«Je suis à une paie près d’être à leur place »

À Québec, les propos haineux d’un restaurateur contre les personnes itinérantes ont suscité l’indignation, révélant une colère grandissante contre un système qui criminalise les pauvres pendant que les véritables responsables de la misère s’enrichissent.
  • Kelly-Anne et Giovanni, Québec
  • jeu. 13 nov. 2025
Partager

« La ville devrait avoir un lieu de rétention, idéalement l’ancien poste de police. »

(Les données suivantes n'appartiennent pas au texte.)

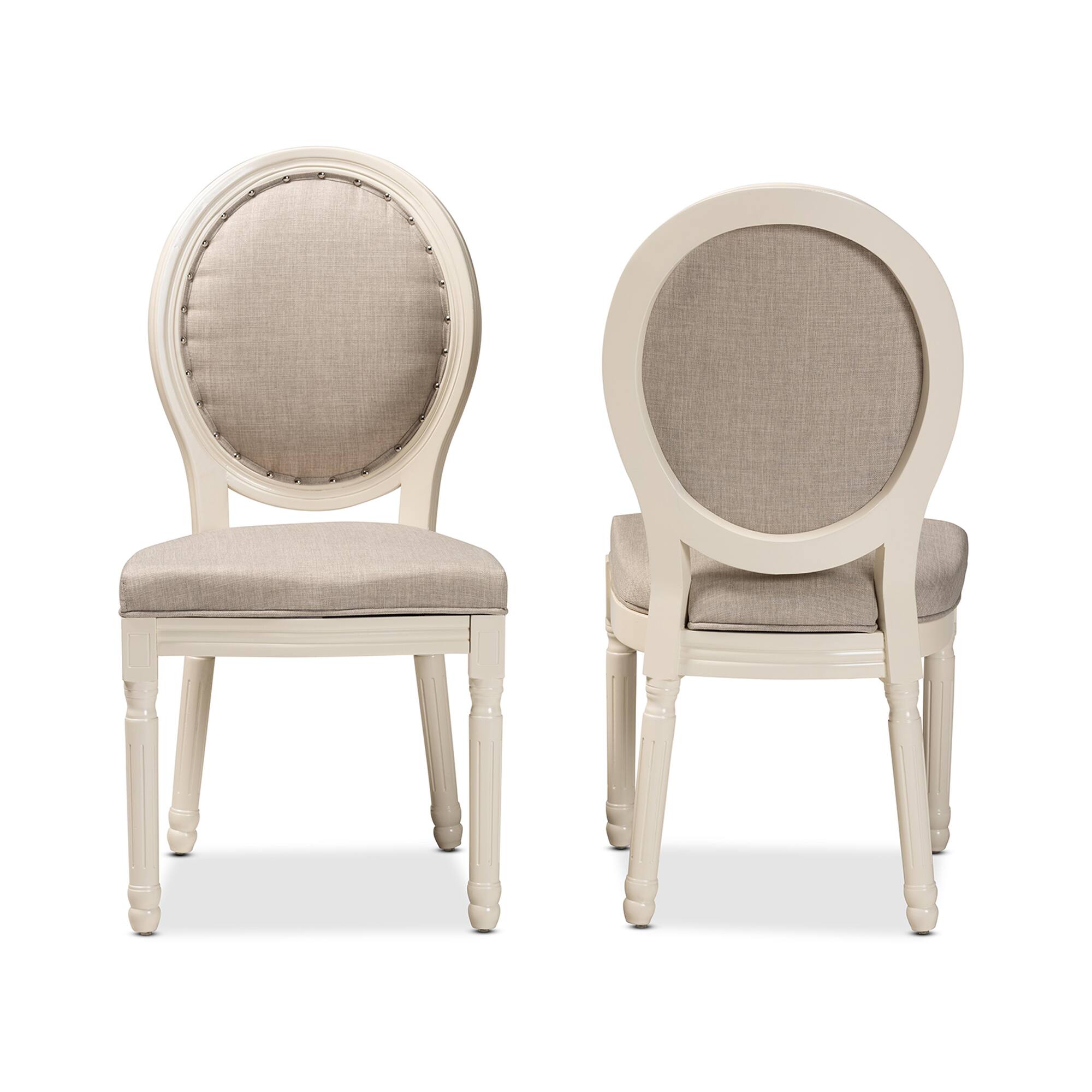 Angle. Baxton Studio - Louis Traditional French Inspired Fabric Upholstered and Finished Wood 2-Piece Dining Chair Set - Grey/White.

À en croire ces propos, on pourrait penser que la ville de Québec est aux prises avec de dangereux criminels. Pourtant, ils ont été tenus à l’égard des personnes itinérantes par un restaurateur connu du quartier Saint-Roch, Napoléon Woo, qui se présentait cet automne à la course électorale municipale.

Monsieur Woo ne s’est pas arrêté à dire qu’il faudrait mettre les plus pauvres en prison. Il s’est aussi indigné lors du lancement de sa campagne d’une « culture » de l’itinérance qu’il faudrait abolir.

En effet, selon le commerçant, il y a des itinérants à cause… du filet social! Des gens choisiraient de vivre dans la rue, puisque ça leur permettrait de ne pas avoir à travailler et d’être logés et nourris gratuitement, sans risquer de mourir de froid. Les travailleurs précaires du quartier étaient heureux d’apprendre de la bouche de M. Woo, que « personne n’a besoin de travailler pour vivre, à Québec ». Vivons-nous dans une utopie sans le savoir depuis tout ce temps?

Sarcasme à part, M. Woo, ne retirant pas les mots qui ont fait scandale, s’est retiré de la campagne électorale après seulement quelques jours, affirmant dans une entrevue qu’il était « écœuré des médias ». En vérité, ses propos n’ont pas passé auprès de la communauté et des comités qui se sont empressés de dénoncer de tels mensonges.

Marx écrivait dans Le Capital que « l’accumulation de richesse à un pôle signifie donc en même temps à l’autre pôle une accumulation de misère ».

Cette misère se manifeste entre autres avec une montée de l’itinérance, particulièrement dans le quartier Saint-Roch à Québec. C’est une situation qui empire depuis quelques années avec la hausse des coûts du logement, tandis que les refuges du quartier manquent de ressources.

La semaine dernière, un passant, s’adressant à une camarade du quartier qui était témoin d’une intervention policière envers une personne itinérante, lui a dit que « c’est complètement hypocrite de criminaliser le fait d’être pauvre. Je vis dans un 4 et demi pis j’arrive pas… Avant ces gens-là me dérangeaient, mais aujourd’hui je sais que je suis à une paie près d’être à leur place ».

Cet homme avait entièrement raison. La classe dirigeante criminalise des gens qui n’ont nulle part d’autre où aller que dehors.

La tactique de diviser pour mieux régner ne fonctionne plus comme avant. Les mensonges haineux de Monsieur Woo envers les opprimés ne sont pas passés auprès de la population, car une couche grandissante qui avait auparavant des préjugés envers les itinérants, s’identifie à leur sort.

Ceux qui font en sorte qu’il y a des gens sans toit sont les mêmes à qui nous payons difficilement le loyer chaque mois. Ce sont eux, les vrais criminels.